● **Assignment**
Print each entry below precisely as shown.

(Stored dataset items)
-----

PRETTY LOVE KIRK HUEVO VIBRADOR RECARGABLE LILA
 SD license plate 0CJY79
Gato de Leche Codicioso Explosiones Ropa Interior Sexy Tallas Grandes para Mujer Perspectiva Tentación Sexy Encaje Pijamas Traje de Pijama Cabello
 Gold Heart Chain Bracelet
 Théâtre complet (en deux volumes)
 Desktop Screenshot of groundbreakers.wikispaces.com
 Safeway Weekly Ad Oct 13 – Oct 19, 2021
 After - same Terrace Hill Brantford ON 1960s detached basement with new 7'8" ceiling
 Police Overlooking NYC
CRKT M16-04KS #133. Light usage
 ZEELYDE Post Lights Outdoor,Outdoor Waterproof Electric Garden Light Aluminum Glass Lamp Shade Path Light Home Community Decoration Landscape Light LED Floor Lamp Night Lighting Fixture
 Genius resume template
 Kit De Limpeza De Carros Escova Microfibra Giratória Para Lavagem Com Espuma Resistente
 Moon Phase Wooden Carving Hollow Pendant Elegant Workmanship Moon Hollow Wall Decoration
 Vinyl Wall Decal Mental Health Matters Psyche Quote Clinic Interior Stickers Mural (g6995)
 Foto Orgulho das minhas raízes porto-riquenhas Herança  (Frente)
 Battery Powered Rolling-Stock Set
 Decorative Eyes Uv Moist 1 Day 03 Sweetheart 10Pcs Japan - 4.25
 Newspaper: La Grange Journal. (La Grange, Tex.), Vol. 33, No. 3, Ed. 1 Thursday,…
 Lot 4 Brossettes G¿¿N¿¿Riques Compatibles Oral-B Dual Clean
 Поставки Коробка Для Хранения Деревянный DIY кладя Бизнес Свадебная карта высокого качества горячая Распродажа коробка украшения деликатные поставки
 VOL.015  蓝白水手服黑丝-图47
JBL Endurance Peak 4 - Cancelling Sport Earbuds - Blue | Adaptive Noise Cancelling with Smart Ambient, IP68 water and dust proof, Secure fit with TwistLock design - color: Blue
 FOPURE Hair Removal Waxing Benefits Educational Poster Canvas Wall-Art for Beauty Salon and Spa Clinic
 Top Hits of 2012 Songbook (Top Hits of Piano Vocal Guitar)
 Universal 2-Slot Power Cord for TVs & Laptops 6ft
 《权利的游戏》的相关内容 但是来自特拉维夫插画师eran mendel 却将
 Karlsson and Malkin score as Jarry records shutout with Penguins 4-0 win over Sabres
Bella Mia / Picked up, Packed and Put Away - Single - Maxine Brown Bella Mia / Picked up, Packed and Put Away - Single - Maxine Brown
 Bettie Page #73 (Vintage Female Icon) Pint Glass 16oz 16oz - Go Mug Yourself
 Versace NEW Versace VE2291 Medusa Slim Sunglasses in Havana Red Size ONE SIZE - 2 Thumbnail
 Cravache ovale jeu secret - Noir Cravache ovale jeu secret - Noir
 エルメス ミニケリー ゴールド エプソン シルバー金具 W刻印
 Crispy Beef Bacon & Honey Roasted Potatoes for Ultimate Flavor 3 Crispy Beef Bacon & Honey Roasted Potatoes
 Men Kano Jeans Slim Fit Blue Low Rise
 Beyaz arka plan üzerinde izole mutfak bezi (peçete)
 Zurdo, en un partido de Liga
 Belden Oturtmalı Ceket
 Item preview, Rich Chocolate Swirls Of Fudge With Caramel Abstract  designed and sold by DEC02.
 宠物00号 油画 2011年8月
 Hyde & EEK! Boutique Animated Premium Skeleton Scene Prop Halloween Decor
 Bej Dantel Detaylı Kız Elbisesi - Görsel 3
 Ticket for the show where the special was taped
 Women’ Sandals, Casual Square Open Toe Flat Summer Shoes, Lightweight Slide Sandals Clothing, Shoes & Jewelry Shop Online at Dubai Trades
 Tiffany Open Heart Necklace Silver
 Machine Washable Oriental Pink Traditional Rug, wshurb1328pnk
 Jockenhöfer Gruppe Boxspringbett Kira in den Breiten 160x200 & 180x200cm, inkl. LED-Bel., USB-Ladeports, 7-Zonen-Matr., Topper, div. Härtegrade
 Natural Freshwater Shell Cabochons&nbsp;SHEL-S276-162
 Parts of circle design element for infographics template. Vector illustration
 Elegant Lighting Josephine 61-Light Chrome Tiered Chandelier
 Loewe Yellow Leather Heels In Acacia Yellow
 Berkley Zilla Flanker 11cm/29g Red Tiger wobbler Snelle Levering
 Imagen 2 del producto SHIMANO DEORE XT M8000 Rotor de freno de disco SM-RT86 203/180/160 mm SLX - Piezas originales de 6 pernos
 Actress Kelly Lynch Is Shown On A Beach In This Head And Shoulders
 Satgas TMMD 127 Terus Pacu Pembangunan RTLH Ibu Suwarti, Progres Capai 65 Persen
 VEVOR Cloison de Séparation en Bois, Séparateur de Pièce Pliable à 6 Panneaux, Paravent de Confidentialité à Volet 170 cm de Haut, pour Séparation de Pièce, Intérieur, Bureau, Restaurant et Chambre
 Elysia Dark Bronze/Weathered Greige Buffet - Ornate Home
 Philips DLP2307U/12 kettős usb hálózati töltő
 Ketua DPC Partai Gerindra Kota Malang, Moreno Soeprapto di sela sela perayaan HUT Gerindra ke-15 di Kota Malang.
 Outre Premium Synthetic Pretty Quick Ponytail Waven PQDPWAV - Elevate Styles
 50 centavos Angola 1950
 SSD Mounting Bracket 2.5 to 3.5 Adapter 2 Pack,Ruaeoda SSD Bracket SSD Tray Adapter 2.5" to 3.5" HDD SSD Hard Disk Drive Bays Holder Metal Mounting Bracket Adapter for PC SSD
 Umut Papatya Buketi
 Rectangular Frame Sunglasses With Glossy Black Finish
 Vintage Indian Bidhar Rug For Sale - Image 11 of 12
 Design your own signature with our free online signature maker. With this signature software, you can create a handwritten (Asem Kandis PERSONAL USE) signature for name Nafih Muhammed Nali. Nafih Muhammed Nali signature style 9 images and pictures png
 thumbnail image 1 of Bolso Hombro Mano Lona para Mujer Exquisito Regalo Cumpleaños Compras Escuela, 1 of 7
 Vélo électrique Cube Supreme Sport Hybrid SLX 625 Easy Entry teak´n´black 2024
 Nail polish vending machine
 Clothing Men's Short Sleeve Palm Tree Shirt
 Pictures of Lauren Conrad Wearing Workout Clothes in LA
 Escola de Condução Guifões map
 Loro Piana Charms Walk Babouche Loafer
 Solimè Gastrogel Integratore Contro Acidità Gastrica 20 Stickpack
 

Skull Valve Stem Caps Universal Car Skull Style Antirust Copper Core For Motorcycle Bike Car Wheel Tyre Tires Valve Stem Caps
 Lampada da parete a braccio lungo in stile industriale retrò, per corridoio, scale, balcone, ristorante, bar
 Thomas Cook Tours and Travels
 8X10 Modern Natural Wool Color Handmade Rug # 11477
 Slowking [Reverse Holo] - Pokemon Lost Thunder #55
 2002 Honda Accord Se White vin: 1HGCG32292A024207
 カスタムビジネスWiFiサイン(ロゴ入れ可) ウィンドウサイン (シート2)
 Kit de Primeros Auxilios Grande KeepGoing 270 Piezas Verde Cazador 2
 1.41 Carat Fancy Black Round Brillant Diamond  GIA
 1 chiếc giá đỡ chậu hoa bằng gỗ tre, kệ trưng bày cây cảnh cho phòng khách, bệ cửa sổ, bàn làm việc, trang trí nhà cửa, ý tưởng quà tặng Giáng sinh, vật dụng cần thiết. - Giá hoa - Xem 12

-----

● **Task output**
PRETTY LOVE KIRK HUEVO VIBRADOR RECARGABLE LILA
 SD license plate 0CJY79
Gato de Leche Codicioso Explosiones Ropa Interior Sexy Tallas Grandes para Mujer Perspectiva Tentación Sexy Encaje Pijamas Traje de Pijama Cabello
 Gold Heart Chain Bracelet
 Théâtre complet (en deux volumes)
 Desktop Screenshot of groundbreakers.wikispaces.com
 Safeway Weekly Ad Oct 13 – Oct 19, 2021
 After - same Terrace Hill Brantford ON 1960s detached basement with new 7'8" ceiling
 Police Overlooking NYC
CRKT M16-04KS #133. Light usage
 ZEELYDE Post Lights Outdoor,Outdoor Waterproof Electric Garden Light Aluminum Glass Lamp Shade Path Light Home Community Decoration Landscape Light LED Floor Lamp Night Lighting Fixture
 Genius resume template
 Kit De Limpeza De Carros Escova Microfibra Giratória Para Lavagem Com Espuma Resistente
 Moon Phase Wooden Carving Hollow Pendant Elegant Workmanship Moon Hollow Wall Decoration
 Vinyl Wall Decal Mental Health Matters Psyche Quote Clinic Interior Stickers Mural (g6995)
 Foto Orgulho das minhas raízes porto-riquenhas Herança  (Frente)
 Battery Powered Rolling-Stock Set
 Decorative Eyes Uv Moist 1 Day 03 Sweetheart 10Pcs Japan - 4.25
 Newspaper: La Grange Journal. (La Grange, Tex.), Vol. 33, No. 3, Ed. 1 Thursday,…
 Lot 4 Brossettes G¿¿N¿¿Riques Compatibles Oral-B Dual Clean
 Поставки Коробка Для Хранения Деревянный DIY кладя Бизнес Свадебная карта высокого качества горячая Распродажа коробка украшения деликатные поставки
 VOL.015  蓝白水手服黑丝-图47
JBL Endurance Peak 4 - Cancelling Sport Earbuds - Blue | Adaptive Noise Cancelling with Smart Ambient, IP68 water and dust proof, Secure fit with TwistLock design - color: Blue
 FOPURE Hair Removal Waxing Benefits Educational Poster Canvas Wall-Art for Beauty Salon and Spa Clinic
 Top Hits of 2012 Songbook (Top Hits of Piano Vocal Guitar)
 Universal 2-Slot Power Cord for TVs & Laptops 6ft
 《权利的游戏》的相关内容 但是来自特拉维夫插画师eran mendel 却将
 Karlsson and Malkin score as Jarry records shutout with Penguins 4-0 win over Sabres
Bella Mia / Picked up, Packed and Put Away - Single - Maxine Brown Bella Mia / Picked up, Packed and Put Away - Single - Maxine Brown
 Bettie Page #73 (Vintage Female Icon) Pint Glass 16oz 16oz - Go Mug Yourself
 Versace NEW Versace VE2291 Medusa Slim Sunglasses in Havana Red Size ONE SIZE - 2 Thumbnail
 Cravache ovale jeu secret - Noir Cravache ovale jeu secret - Noir
 エルメス ミニケリー ゴールド エプソン シルバー金具 W刻印
 Crispy Beef Bacon & Honey Roasted Potatoes for Ultimate Flavor 3 Crispy Beef Bacon & Honey Roasted Potatoes
 Men Kano Jeans Slim Fit Blue Low Rise
 Beyaz arka plan üzerinde izole mutfak bezi (peçete)
 Zurdo, en un partido de Liga
 Belden Oturtmalı Ceket
 Item preview, Rich Chocolate Swirls Of Fudge With Caramel Abstract  designed and sold by DEC02.
 宠物00号 油画 2011年8月
 Hyde & EEK! Boutique Animated Premium Skeleton Scene Prop Halloween Decor
 Bej Dantel Detaylı Kız Elbisesi - Görsel 3
 Ticket for the show where the special was taped
 Women’ Sandals, Casual Square Open Toe Flat Summer Shoes, Lightweight Slide Sandals Clothing, Shoes & Jewelry Shop Online at Dubai Trades
 Tiffany Open Heart Necklace Silver
 Machine Washable Oriental Pink Traditional Rug, wshurb1328pnk
 Jockenhöfer Gruppe Boxspringbett Kira in den Breiten 160x200 & 180x200cm, inkl. LED-Bel., USB-Ladeports, 7-Zonen-Matr., Topper, div. Härtegrade
 Natural Freshwater Shell Cabochons&nbsp;SHEL-S276-162
 Parts of circle design element for infographics template. Vector illustration
 Elegant Lighting Josephine 61-Light Chrome Tiered Chandelier
 Loewe Yellow Leather Heels In Acacia Yellow
 Berkley Zilla Flanker 11cm/29g Red Tiger wobbler Snelle Levering
 Imagen 2 del producto SHIMANO DEORE XT M8000 Rotor de freno de disco SM-RT86 203/180/160 mm SLX - Piezas originales de 6 pernos
 Actress Kelly Lynch Is Shown On A Beach In This Head And Shoulders
 Satgas TMMD 127 Terus Pacu Pembangunan RTLH Ibu Suwarti, Progres Capai 65 Persen
 VEVOR Cloison de Séparation en Bois, Séparateur de Pièce Pliable à 6 Panneaux, Paravent de Confidentialité à Volet 170 cm de Haut, pour Séparation de Pièce, Intérieur, Bureau, Restaurant et Chambre
 Elysia Dark Bronze/Weathered Greige Buffet - Ornate Home
 Philips DLP2307U/12 kettős usb hálózati töltő
 Ketua DPC Partai Gerindra Kota Malang, Moreno Soeprapto di sela sela perayaan HUT Gerindra ke-15 di Kota Malang.
 Outre Premium Synthetic Pretty Quick Ponytail Waven PQDPWAV - Elevate Styles
 50 centavos Angola 1950
 SSD Mounting Bracket 2.5 to 3.5 Adapter 2 Pack,Ruaeoda SSD Bracket SSD Tray Adapter 2.5" to 3.5" HDD SSD Hard Disk Drive Bays Holder Metal Mounting Bracket Adapter for PC SSD
 Umut Papatya Buketi
 Rectangular Frame Sunglasses With Glossy Black Finish
 Vintage Indian Bidhar Rug For Sale - Image 11 of 12
 Design your own signature with our free online signature maker. With this signature software, you can create a handwritten (Asem Kandis PERSONAL USE) signature for name Nafih Muhammed Nali. Nafih Muhammed Nali signature style 9 images and pictures png
 thumbnail image 1 of Bolso Hombro Mano Lona para Mujer Exquisito Regalo Cumpleaños Compras Escuela, 1 of 7
 Vélo électrique Cube Supreme Sport Hybrid SLX 625 Easy Entry teak´n´black 2024
 Nail polish vending machine
 Clothing Men's Short Sleeve Palm Tree Shirt
 Pictures of Lauren Conrad Wearing Workout Clothes in LA
 Escola de Condução Guifões map
 Loro Piana Charms Walk Babouche Loafer
 Solimè Gastrogel Integratore Contro Acidità Gastrica 20 Stickpack
 

Skull Valve Stem Caps Universal Car Skull Style Antirust Copper Core For Motorcycle Bike Car Wheel Tyre Tires Valve Stem Caps
 Lampada da parete a braccio lungo in stile industriale retrò, per corridoio, scale, balcone, ristorante, bar
 Thomas Cook Tours and Travels
 8X10 Modern Natural Wool Color Handmade Rug # 11477
 Slowking [Reverse Holo] - Pokemon Lost Thunder #55
 2002 Honda Accord Se White vin: 1HGCG32292A024207
 カスタムビジネスWiFiサイン(ロゴ入れ可) ウィンドウサイン (シート2)
 Kit de Primeros Auxilios Grande KeepGoing 270 Piezas Verde Cazador 2
 1.41 Carat Fancy Black Round Brillant Diamond  GIA
 1 chiếc giá đỡ chậu hoa bằng gỗ tre, kệ trưng bày cây cảnh cho phòng khách, bệ cửa sổ, bàn làm việc, trang trí nhà cửa, ý tưởng quà tặng Giáng sinh, vật dụng cần thiết. - Giá hoa - Xem 12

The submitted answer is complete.